Comment 15 brettcornwall 2012-08-09 03:31:59 UTC
One user is reporting that the recent updates to the xorg-edgers PPA has been fine with his machine for the last few weeks. Are there any special commits to pay attention to that may have resolved this issue?
Comment 16 Chris Wilson 2012-08-23 18:03:25 UTC
The cause of the EINVAL is an attempt to pageflip with the pipe disabled due to DPMS off. This should be fixed by:

commit c4eb5528a456b65c673f7c984d14a622ac67cdca
Author: Chris Wilson <chris@chris-wilson.co.uk>
Date:   Tue Jun 5 16:04:16 2012 +0100

    uxa: Check for DPMS off before scheduling a WAIT_ON_EVENT
    
    Regression from commit 3f3bde4f0c72f6f31aae322bcdc20b95eade6631
    Author: Chris Wilson <chris@chris-wilson.co.uk>
    Date:   Thu May 24 11:58:46 2012 +0100
    
        uxa: Only consider an output valid if the kernel reports it attached
    
    When backporting from SNA, a key difference that UXA does not track DPMS
    state in its enabled flag and that a DPMS off CRTC is still bound to the
    fb. So we do need to rescan the outputs and check that we have a
    connector enabled *and* the pipe is running prior to emitting a scanline
    wait.
    
    References: https://bugs.freedesktop.org/show_bug.cgi?id=50668
    Signed-off-by: Chris Wilson <chris@chris-wilson.co.uk>
Comment 17 brettcornwall 2012-08-26 01:29:48 UTC
Hi, Chris - I'm afraid we've had a few confirmations that applying these fixes didn't fix the issue. The same problem remains unabated.

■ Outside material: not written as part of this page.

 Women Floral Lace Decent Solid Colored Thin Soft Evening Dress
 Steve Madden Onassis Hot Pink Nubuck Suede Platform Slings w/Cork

Would you like yet another dmesg output with the patches applied?
Comment 18 Chris Wilson 2012-09-02 20:26:29 UTC
Yes, I think we need a fresh set of debug logs with all the known fixes applied.
Comment 19 brettcornwall 2012-09-02 21:16:21 UTC
Created attachment 66517 [details]
drm.debug=6 After patches applied

Here you go.
Comment 20 brettcornwall 2012-09-02 21:16:51 UTC
Created attachment 66518 [details]
Xorg.0.log After patches applied
Comment 21 Chris Wilson 2012-09-23 10:35:13 UTC
Hmm, the X.log indicates 2.17, there were a few related fixes as well, can you please install a 2.20.8 from your distrobution updates?
Comment 22 Timo Aaltonen 2012-09-25 14:37:54 UTC
I have a couple of users on ubuntu 12.10 (2.20.8) that also tried 3.6rc7, and the hang happens every time the screen is closed or screensaver kicks in. I can't seem to be able to reproduce it myself though..
Comment 23 Chris Wilson 2012-09-25 14:45:11 UTC
Given the batch submit immediately after the vsync'ed copy, I can't see what else userspace can do to prevent the WAIT_FOR_EVENT hang...
Comment 24 Chris Wilson 2012-09-25 14:46:51 UTC
Hmm, there is some similarity here between this and bug 51616 if in both cases the kernel reports the pipe as active, but in reality it is disabled.
Comment 25 brettcornwall 2012-10-06 19:06:05 UTC
Actually, someone built a package including some other recent fixes and it looks like the problem has been resolved for a number of people. You can check out the LP report for specifics (sorry, in a bit of a rush).

Regardless, I've installed the package from his PPA and have been using normal lid-closing suspend (had been switching to TTY1, logging in as root, then using pm-suspend for the past few months).

I haven't had a single issue since. So unless there's any claiming otherwise, this bug is likely fixed.
Comment 26 Chris Wilson 2012-10-07 09:35:03 UTC
Closing as the UXA DPMS off vs pageflip race.